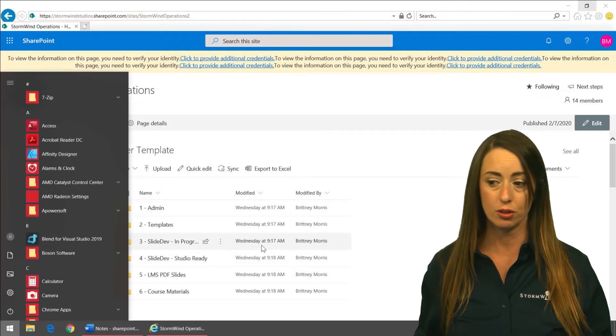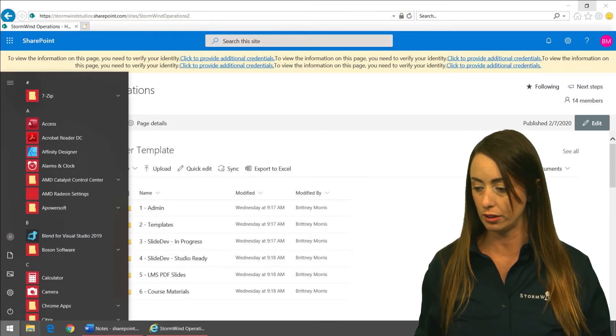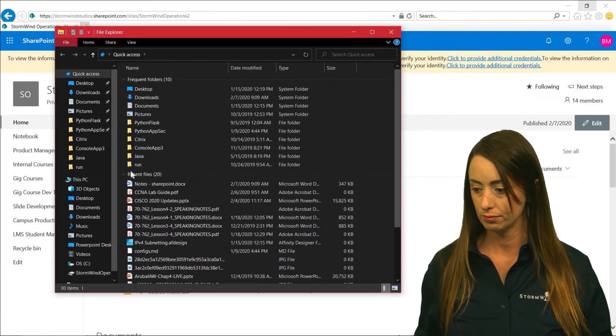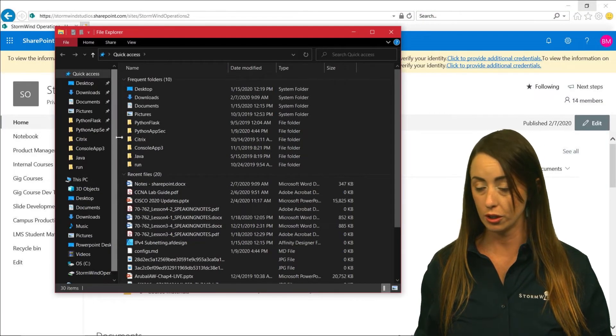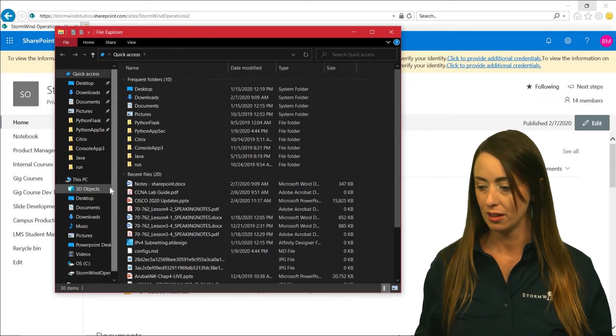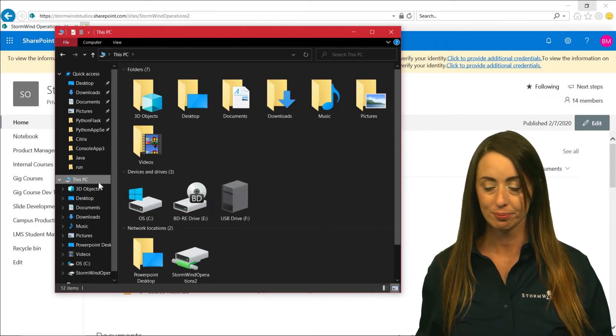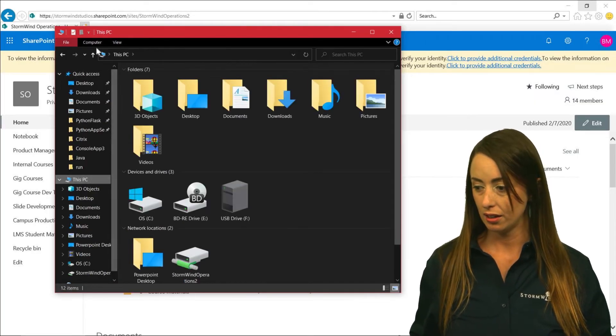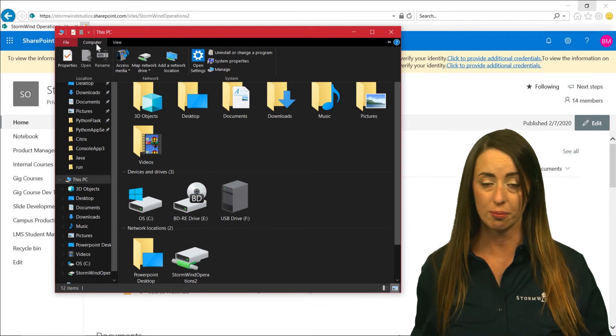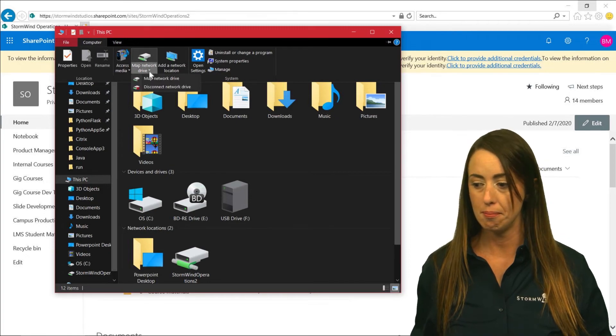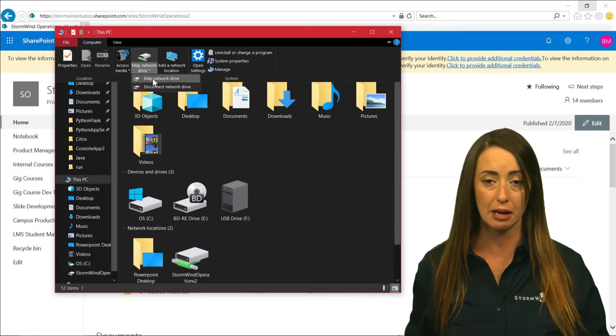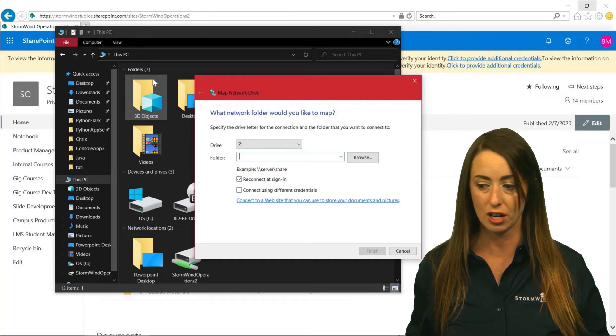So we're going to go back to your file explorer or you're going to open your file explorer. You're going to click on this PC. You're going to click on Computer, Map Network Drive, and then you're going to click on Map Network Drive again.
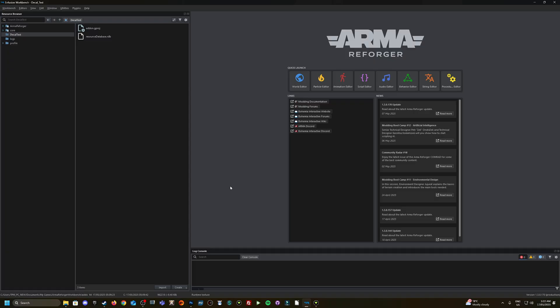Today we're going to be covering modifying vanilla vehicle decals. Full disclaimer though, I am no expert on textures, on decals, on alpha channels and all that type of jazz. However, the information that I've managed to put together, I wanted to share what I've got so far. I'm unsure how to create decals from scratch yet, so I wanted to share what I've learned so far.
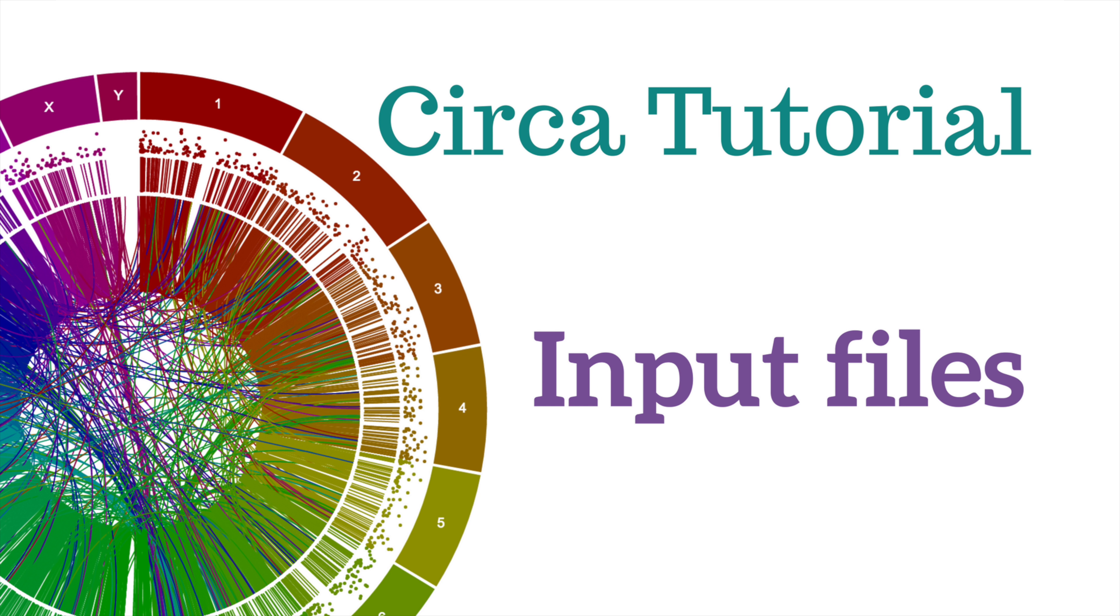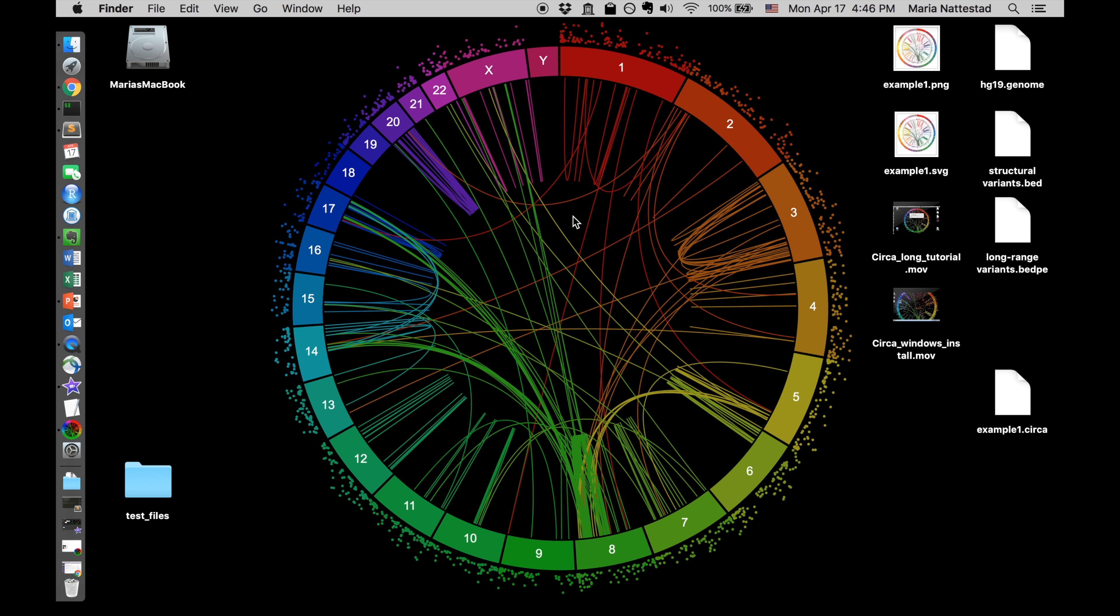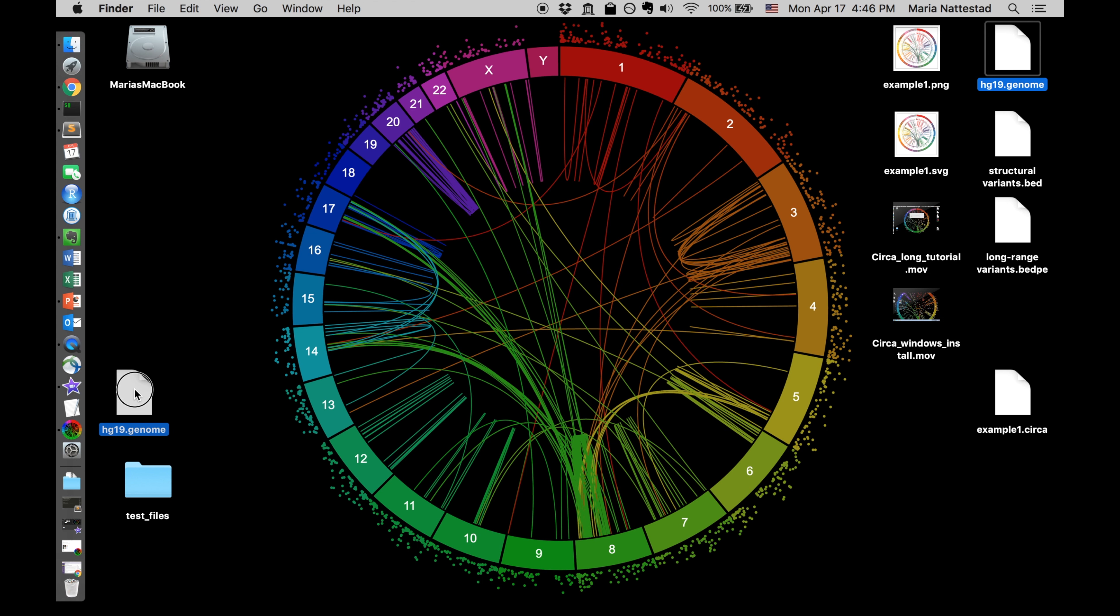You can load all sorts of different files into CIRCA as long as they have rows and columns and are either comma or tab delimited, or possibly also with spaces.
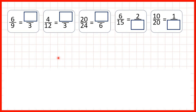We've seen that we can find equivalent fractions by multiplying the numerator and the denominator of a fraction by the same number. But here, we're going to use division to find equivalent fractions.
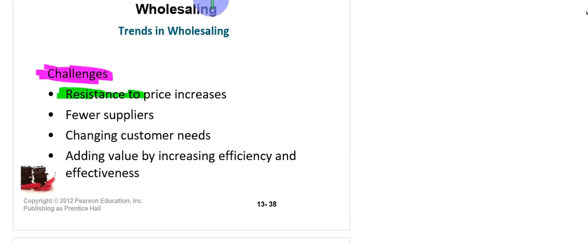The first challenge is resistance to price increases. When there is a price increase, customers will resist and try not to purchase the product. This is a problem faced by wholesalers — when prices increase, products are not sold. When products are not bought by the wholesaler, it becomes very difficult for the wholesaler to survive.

════════

**Directions**
Exactly as written above, retype the lines starting at the one holding "You can load" and ending at the one holding "We've seen that", both included, but not the pictures.

**Response**
You can load all sorts of different files into CIRCA as long as they have rows and columns and are either comma or tab delimited, or possibly also with spaces.
We've seen that we can find equivalent fractions by multiplying the numerator and the denominator of a fraction by the same number. But here, we're going to use division to find equivalent fractions.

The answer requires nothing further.